The second chapter is aimed at measuring the impact of both idiosyncratic and covariate shocks on household consumption growth. We show that rainfall shocks have persistent impacts on consumption growth for poor households. A large part of rainfall shocks is uninsured for both the poor and non poor. The richer households however manage to cope with the shock and catch up within a year whereas poor’s consumption is permanently set on a lower growth path because of the consequence of the shock. This result suggests that risk management strategies of poor households are less efficient to smooth consumption that those from the rich households.

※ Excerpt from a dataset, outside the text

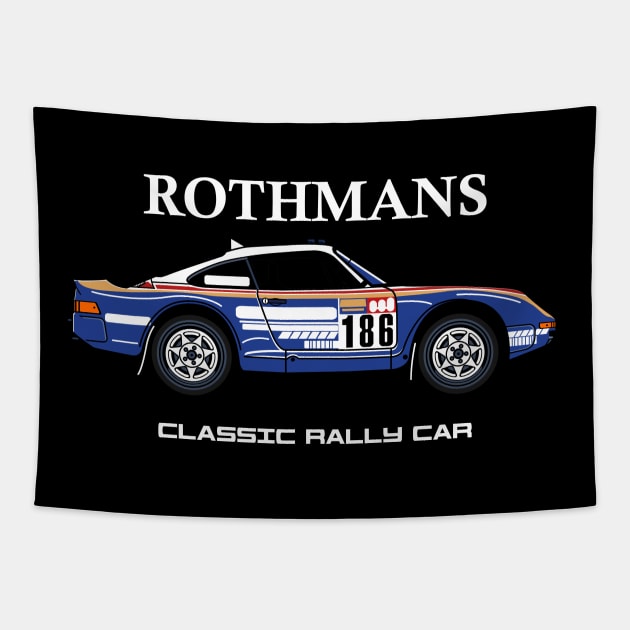 Rally Car Legend Rothmans Tapestry by masjestudio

The third chapter thus examines risk management strategies by wealth level. Since the market fails to provide efficient credit and insurance services, households have to develop informal risk management strategies. We assess that these strategies are such that poor households have lower capacities to cope with shocks ex‐post than the richer households. On the one hand they have fewer buffer stocks. On the other hand they participate less to informal mutual insurance. They are thus obliged to reduce exposure to risk ex‐ante by adopting less risky and less remunerative activities. Since poor are confined in doing less remunerative activities, they cannot accumulate assets that would eventually increase their capacity to cope with shocks ex‐post. Moreover since they adopt less risky activities, they have lower incentives to participate to mutual insurance. Their benefit is limited because sharing income with richer households ex‐post them to the higher risks taken by the rich. Wealth differentiated pattern of informal risk management strategies creates poverty traps.

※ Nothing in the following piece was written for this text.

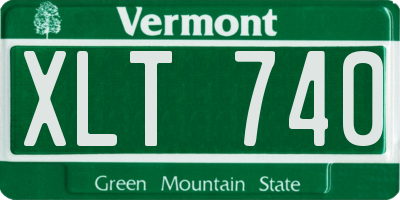 VT license plate XLT740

The second and third chapters show that welfare costs due to shocks and foregone profitable opportunities contribute to persistent poverty. The presence of risk poverty traps has important policy implications. Protection against shocks may matter as much as exogenous improvements of productivity. The poverty trap hypothesis suggests high returns to providing insurance that excludes poor people from more remunerative (and more risky) activities. The easy answer would be to recommend formal insurance as the policy response to break the risk poverty trap. Microinsurance, meaning the provision of insurance tailored to the poor who would otherwise not be able to take insurance has recently received a very large attention. However, if insurance provision is theoretically the right tools, the few empirical evidences available show that microinsurance has not lead to many successes. Uptake is indeed very low. Some of difficulties concern the difficulty of households to understand the product, to trust the provider or simply to afford insurance (Mc Cord, 2001; Radermacher, Dror, & Noble, 2006). Implementation if microinsurance should be done with careful examinations of the local conditions to design a product that fit the needs and gain the trust of potential clients. Marketing efforts have to be important since it is a much more complex product than microcredit. In some places, other insurance‐like mechanisms can do at least as good as the provision of insurance. A caveat of microinsurance literature is to forget to compare insurance with alternative mechanism such as microsaving, emergency credit or public safety nets. Moreover, if micro insurance is aimed at fighting poverty, it is needed to evaluate its distributional impact.


[1] Birth Control was a priority of Ravalomanana’s government program. The Ministry of health was renamed in 2003 the Ministry of Health and Family Planning making Madagascar one of the few place in the world where voluntarily family planning is as a key health intervention is explicitly recognized.